When successful the command returns the canonical serialization of the table
of contents which was encoded in the text. See the section ToC
serialization format for specification of that format.
- ::doctools::toc::parse file path
- The same as text, except that the text to parse is
read from the file specified by path.
- ::doctools::toc::parse includes
- This method returns the current list of search paths used
when looking for include files.
- ::doctools::toc::parse include add
path
- This method adds the path to the list of paths
searched when looking for an include file. The call is ignored if the path
is already in the list of paths. The method returns the empty string as
its result.
- ::doctools::toc::parse include remove
path
- This method removes the path from the list of paths
searched when looking for an include file. The call is ignored if the path
is not contained in the list of paths. The method returns the empty string
as its result.
- ::doctools::toc::parse include clear
- This method clears the list of search paths for include
files.
- ::doctools::toc::parse vars
- This method returns a dictionary containing the current set
of predefined variables known to the vset markup command during
processing.
- ::doctools::toc::parse var set name
value
- This method adds the variable name to the set of
predefined variables known to the vset markup command during
processing, and gives it the specified value. The method returns
the empty string as its result.
- ::doctools::toc::parse var unset
name
- This method removes the variable name from the set
of predefined variables known to the vset markup command during
processing. The method returns the empty string as its result.

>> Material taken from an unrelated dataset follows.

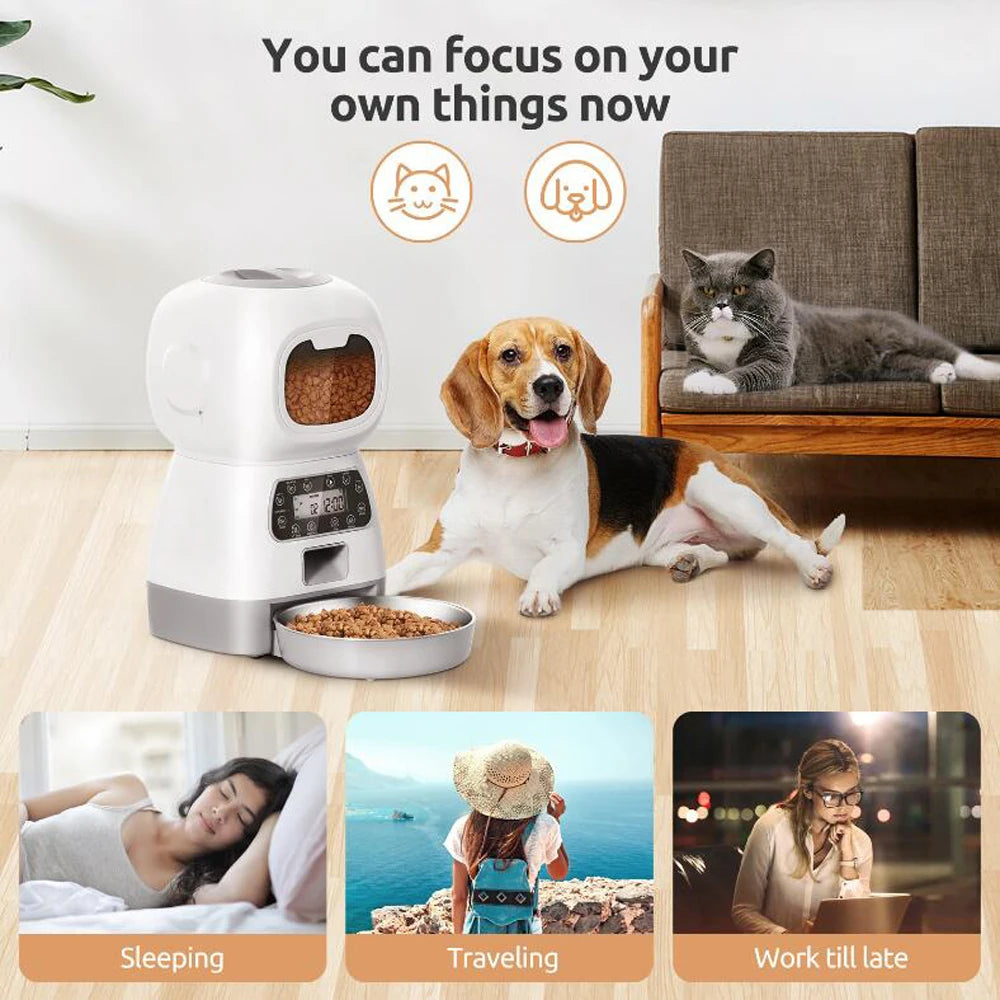 Smart 3.5L Cat Feeder: WiFi Enabled, Voice Recorder, Timed Dispenser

- ::doctools::toc::parse var clear
?pattern?
- This method removes all variables matching the
pattern from the set of predefined variables known to the
vset markup command during processing. The method returns the empty
string as its result.
The pattern matching is done with string match, and the default
pattern used when none is specified, is *.
PARSE ERRORS¶
The format of the parse error messages thrown when encountering violations of
the
doctoc markup syntax is human readable and not intended for
processing by machines. As such it is not documented.

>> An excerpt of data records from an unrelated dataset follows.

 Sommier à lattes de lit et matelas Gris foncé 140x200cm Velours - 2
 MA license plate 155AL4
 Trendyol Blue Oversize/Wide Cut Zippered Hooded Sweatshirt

However, the errorCode attached to the message is machine-readable and
has the following format:
- [1]
- The error code will be a list, each element describing a
single error found in the input. The list has at least one element,
possibly more.
- [2]
- Each error element will be a list containing six strings
describing an error in detail. The strings will be
- [1]
- The path of the file the error occured in. This may be
empty.
- [2]
- The range of the token the error was found at. This range
is a two-element list containing the offset of the first and last
character in the range, counted from the beginning of the input (file).
Offsets are counted from zero.
- [3]
- The line the first character after the error is on. Lines
are counted from one.
- [4]
- The column the first character after the error is at.
Columns are counted from zero.
- [5]
- The message code of the error. This value can be used as
argument to msgcat::mc to obtain a localized error message,
assuming that the application had a suitable call of
doctools::msgcat::init to initialize the necessary message catalogs
(See package doctools::msgcat).
- [6]
- A list of details for the error, like the markup command
involved. In the case of message code doctoc/include/syntax this
value is the set of errors found in the included file, using the format
described here.
[DOCTOC] NOTATION OF TABLES OF CONTENTS¶
The doctoc format for tables of contents, also called the
doctoc markup
language, is too large to be covered in single section. The interested
reader should start with the document
- [1]
- doctoc language introduction
and then proceed from there to the formal specifications, i.e. the documents
- [1]
- doctoc language syntax and
- [2]
- doctoc language command reference.
to get a thorough understanding of the language.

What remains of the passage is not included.